● **Task**: Range to reproduce from the entries below: the line with "Australian shepherd wolf hybrid deals", the line with "микс в Реутове", and every line in between. Give them exactly and give nothing else.

● **Provided data**:
-=-=-=-=-
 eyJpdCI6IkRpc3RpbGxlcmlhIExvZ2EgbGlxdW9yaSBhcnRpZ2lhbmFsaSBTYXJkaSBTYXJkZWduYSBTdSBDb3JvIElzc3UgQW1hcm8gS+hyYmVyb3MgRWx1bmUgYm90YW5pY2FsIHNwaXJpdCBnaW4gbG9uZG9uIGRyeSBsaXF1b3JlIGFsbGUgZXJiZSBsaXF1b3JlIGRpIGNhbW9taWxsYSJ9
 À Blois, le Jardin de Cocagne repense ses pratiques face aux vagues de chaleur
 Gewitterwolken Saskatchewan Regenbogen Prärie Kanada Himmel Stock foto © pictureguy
-=-=-=-=-
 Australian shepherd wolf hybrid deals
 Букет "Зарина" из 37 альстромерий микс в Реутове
-=-=-=-=-
● **Solution to this problem**:
 Australian shepherd wolf hybrid deals
 Букет "Зарина" из 37 альстромерий микс в Реутове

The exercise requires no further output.